Conseils d’écrivain N°1 

Vous écrivez ? Donc vous êtes !

Que ce soit par besoin de reconnaissance ou d’existence. Écrire est un besoin, alors si vous ressentez ce besoin, n’hésitez pas. Écrivez, que diable ! C’est facile, tout le monde peut le faire. Une page par jour, et à la fin de l’année, vous avez un livre. Vous n’avez pas de sujet, ce n’est pas grave. Écrivez sur tout et sur n’importe quoi. Ne vous posez pas de question du style « ça n’intéressera personne ». Vous ne savez pas, vous ne l’avez pas encore fait lire. Plus vous avancerez et plus vous aurez envie de continuer, si ce n’est pas le cas, si cela devient rébarbatif, choisissez autre chose.

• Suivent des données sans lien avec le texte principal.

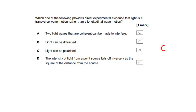Which of the following provides direct experimental evidence that light is a transverse wave motion? Light can be polarized — that tells us it's transverse.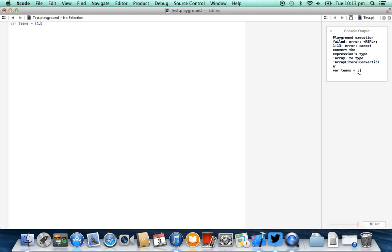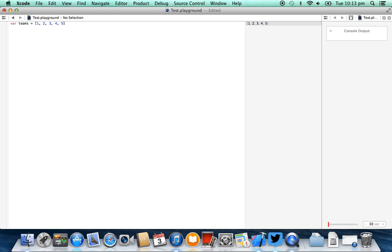We can then start to put things inside of here: 1, 2, 3, 4, and they're separated by comma. Now basically what we have here, and you'll see the real-time compiler is showing us this, we have an array containing the values 1, 2, 3, 4, and 5.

Écrire n’est pas anodin, c’est un chemin initiatique. La culture d’un art dans lequel on se réalise. « Connais-toi, toi-même » disait Socrate.

Alors, je vous conseille d’écrire déjà sur vous-même. Nous avons tous notre propre histoire à raconter, et si ce n’est pas pour faire un best-seller, votre descendance sera un jour très contente de la découvrir. Connaître le passé de nos ancêtres, on le porte en soi, c’est génétique. Alors si vous ne le faites pas pour vous, faites-le pour eux.

A suivre…


Conseils d’écrivain N°2

Si vous voulez être lu ? Faites court.

C’est l’un des secrets des écrivains d’aujourd’hui. Construisez vos phrases telles qu’elles vous viennent et amputez-les des mots inutiles.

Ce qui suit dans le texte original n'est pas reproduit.